Ciò significa che, ad esempio, sfruttare i social network per raccogliere informazioni personali indiscriminatamente o, addirittura, farlo per poi trasferire il tutto ad una società privata affinché li conservi senza che l’interessato sia al corrente o abbia in qualche modo ricevuto notizia, è un tipo di attività che in Europa è manifestamente in contrasto con i principi in materia di privacy.
Al contempo, deve essere tenuto presente anche il futuro Regolamento europeo sull’intelligenza artificiale.
Artificial Intelligence Act: l’UE regola l’AI ma dimentica di proteggere la mente
Anche in questo caso, sono già evidenti dei principi cardine in netta contrapposizione rispetto ad altri contesti, a partire dal divieto assoluto di utilizzare l’AI per finalità di punteggio sociale come nel caso della concessione di finanziamenti, una pratica che negli Stati Uniti è invece ritenuta lecita ed è stata più volte utilizzata, con conseguenze svantaggiose nei confronti delle persone non caucasiche, le quali venivano penalizzate in base all’etnia.

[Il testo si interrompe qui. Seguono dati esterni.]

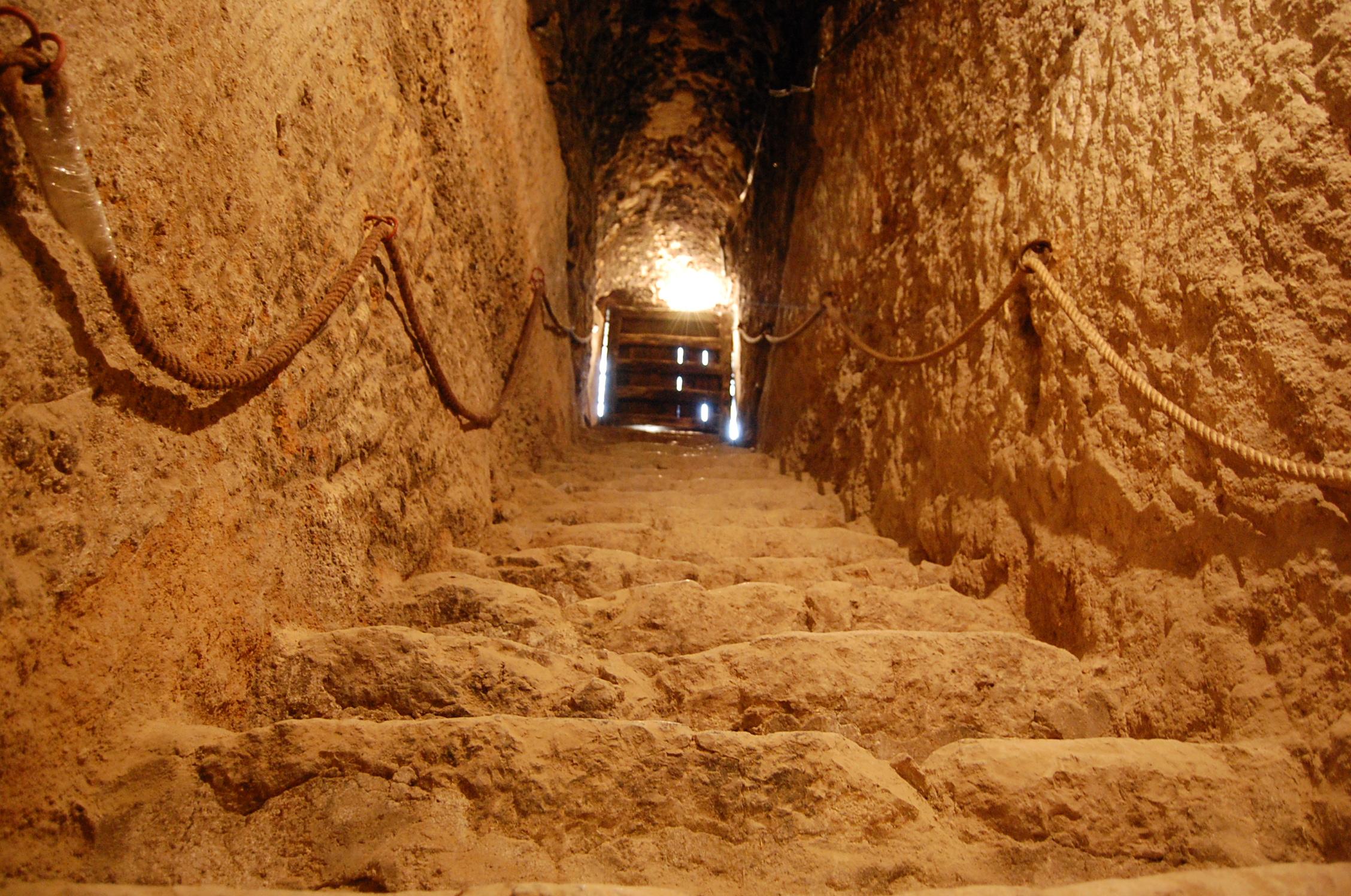 Bodega Tradicional S. XVI Cigales, por Turismo Cigales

Un aspetto più controverso è invece quello sul riconoscimento facciale. In questo caso, il Comitato europeo per la protezione dei dati, il Garante europeo e il Parlamento europeo si sono schierati per un divieto assoluto all’applicazione del riconoscimento facciale da remoto e in tempo reale nei luoghi pubblici. Ciononostante, l’art. 5 della proposta di Regolamento sull’AI prevede la possibilità di utilizzo di tale tecnologia nel caso in cui ciò sia strettamente necessario per la ricerca di vittime di un reato compresi i bambini scomparsi, la prevenzione di una minaccia specifica ovvero al fine di individuare, localizzare, identificare o perseguire un criminale o un sospettato punibile con una pena di almeno 3 anni per alcuni reati.
Ciò che fa la differenza, però, è la seconda parte dell’articolo, nella quale l’utilizzo del riconoscimento facciale viene subordinato ad un’attenta valutazione circa la gravità effettiva della situazione, soppesando attentamente i rischi nel caso in cui non venisse usato. Si tratta, in sostanza, dell’approccio basato sul rischio che caratterizza il GDPR e che caratterizzerà, sembra, anche il futuro Regolamento sull’AI. Questo significa che il riconoscimento facciale sarà comunque un’eccezione applicabile soltanto se il suo utilizzo sarà il male minore, e soltanto bilanciando attentamente i diritti e gli interessi in gioco.
Conclusioni
Ad ogni modo, occorre sempre tenere presente che le sole regole non bastano a creare un contesto sicuro, privo di rischi e a misura di diritti. Bisogna, in ogni caso, fare i conti con la realtà, la quale impone di non crogiolarsi dietro principi certamente importanti e da rivendicare, ma che non sempre trovano applicazione nella quotidianità. In altri termini, abbassare la soglia di attenzione e subire una violazione anche grave dei propri dati è un evento che può impiegare pochi minuti. In questo caso, le regole interverranno ex post a sanzionare gli autori e, eventualmente, risarcire i danni. Ma come oramai è noto, prevenire è meglio che curare, e la prevenzione parte in prima battuta da ciascuno di noi.